GIVEN INFORMATION ::
= = = = =

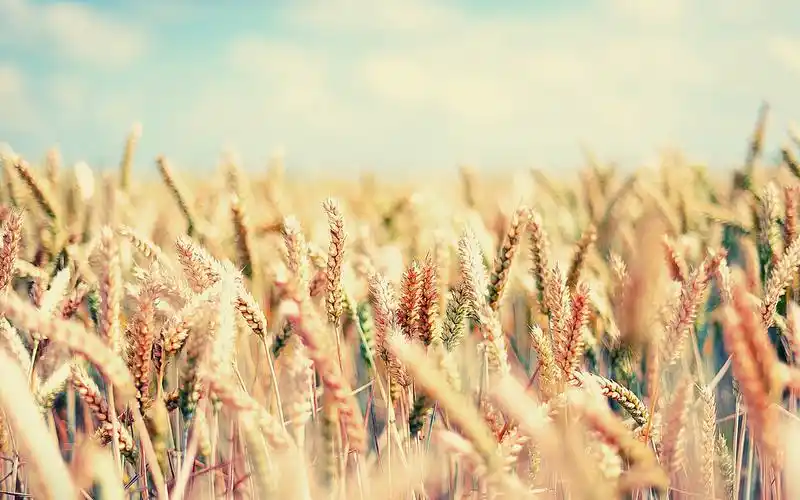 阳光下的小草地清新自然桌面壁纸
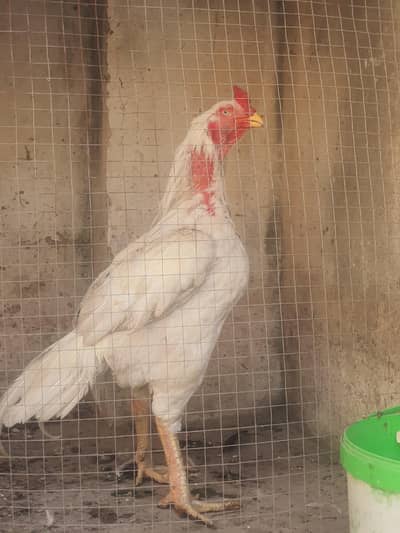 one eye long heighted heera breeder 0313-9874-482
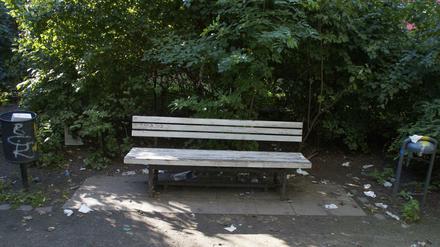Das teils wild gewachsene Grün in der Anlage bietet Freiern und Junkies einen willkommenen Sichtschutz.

= = = = =

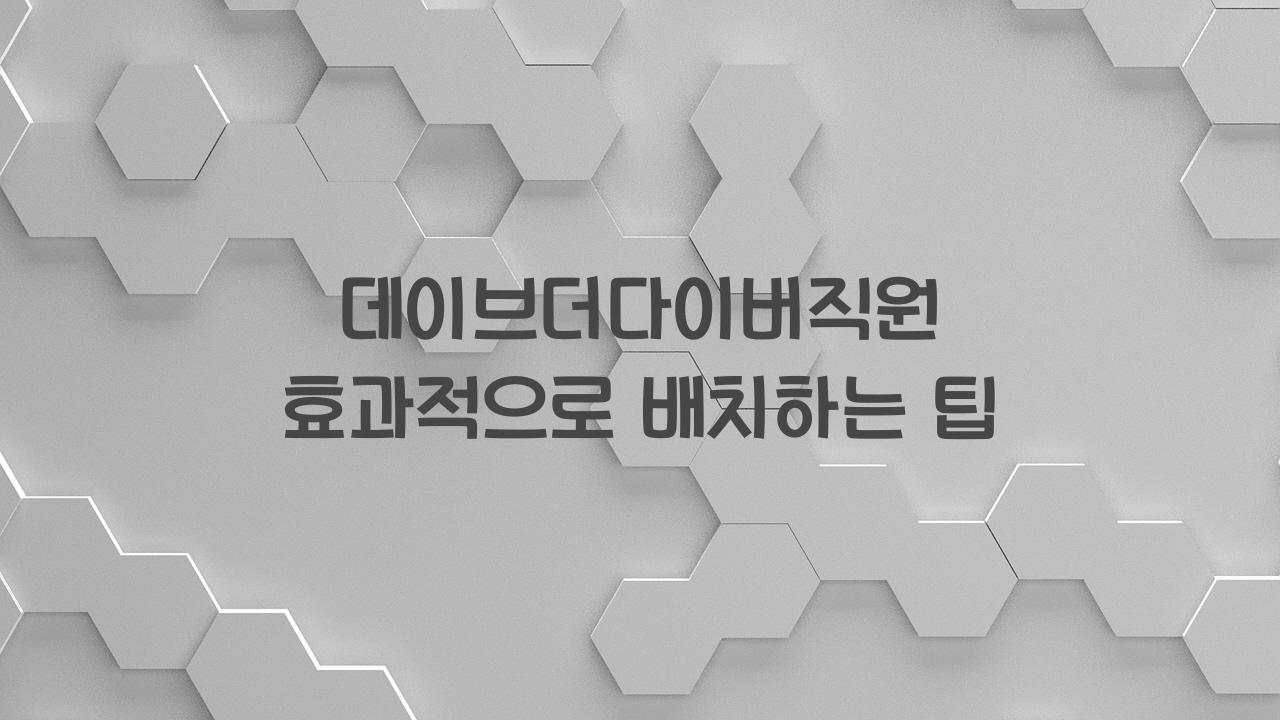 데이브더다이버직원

= = = = =

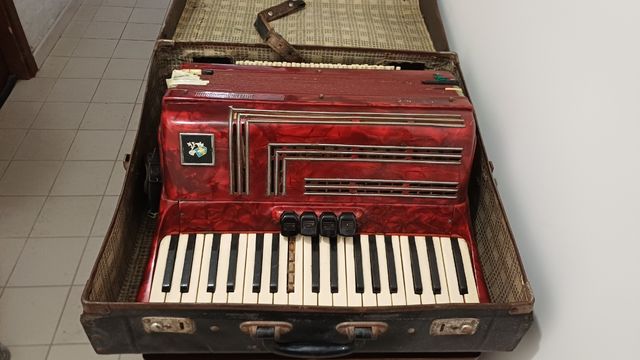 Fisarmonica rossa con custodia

= = = = =

TASK DESCRIPTION ::
In the entries above, which lines run from the one with "阳光下的小草地清新自然桌面壁纸" up to and including the one with "Das teils wild"? Write them out exactly, without the pictures.

WRITTEN ANSWER ::
 阳光下的小草地清新自然桌面壁纸
 one eye long heighted heera breeder 0313-9874-482
Das teils wild gewachsene Grün in der Anlage bietet Freiern und Junkies einen willkommenen Sichtschutz.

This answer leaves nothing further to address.